Data extract

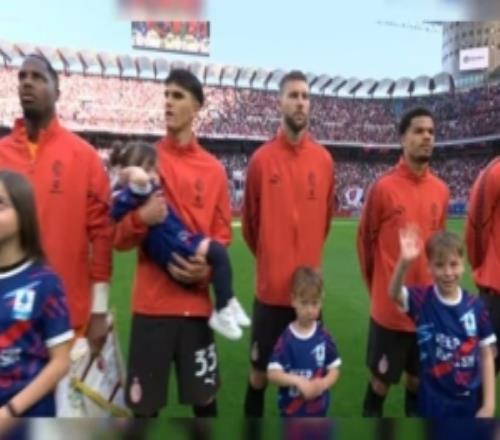 意天空：一名小球童被圣西羅氣氛嚇壞，巴爾泰薩吉抱著她表示安慰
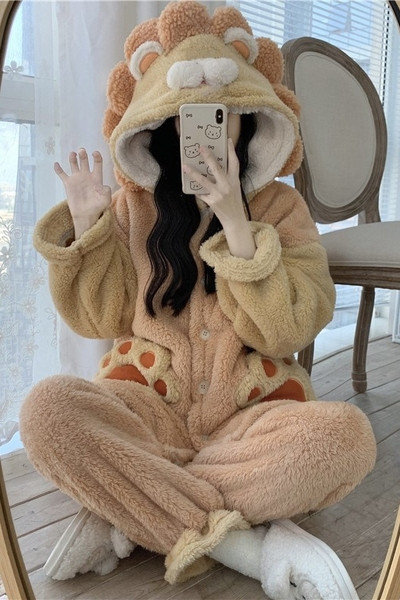 Дамска пижама широк модел с качулка и копчета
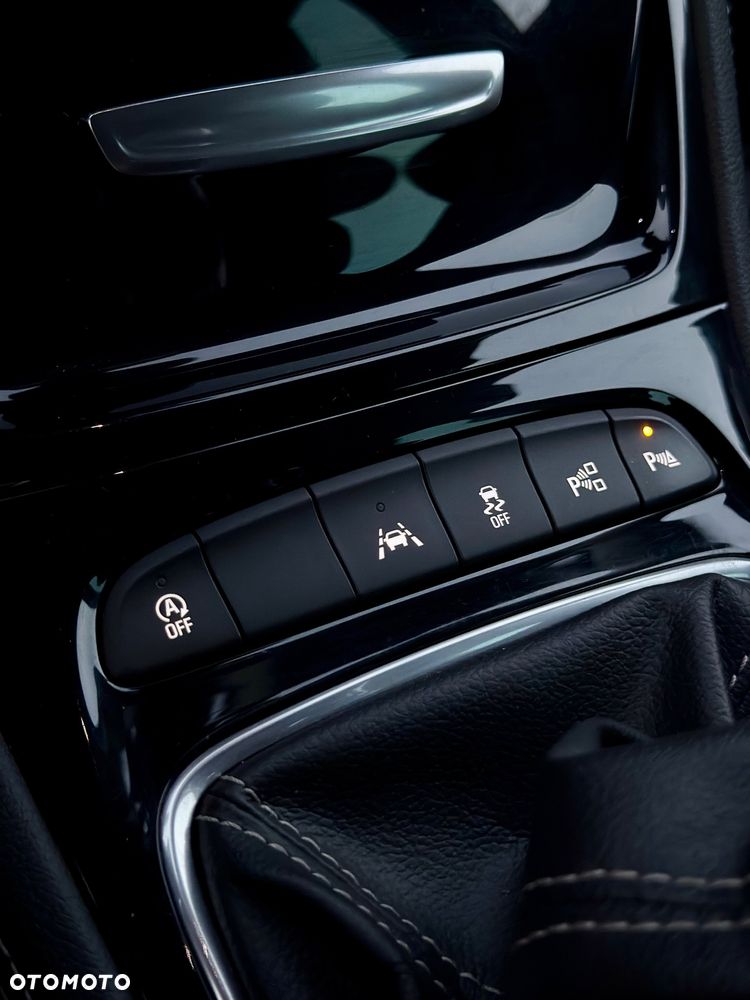 Opel Astra 1.6 CDTI DPF ecoFLEX TourerStart/Stop Exklusiv - 21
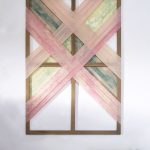 Belén Rodríguez, Juni Hitoe Rosa de Corinto, 2022. Decolorado de loneta de algodón, bastidor de madera de teca, 170 x 115 cm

Activity
Find the line containing "Opel Astra 1.6" in the listing above. Restate it and every line after it, word for word, through the final line, leaving out the pictures.

Output for this exercise
 Opel Astra 1.6 CDTI DPF ecoFLEX TourerStart/Stop Exklusiv - 21
 Belén Rodríguez, Juni Hitoe Rosa de Corinto, 2022. Decolorado de loneta de algodón, bastidor de madera de teca, 170 x 115 cm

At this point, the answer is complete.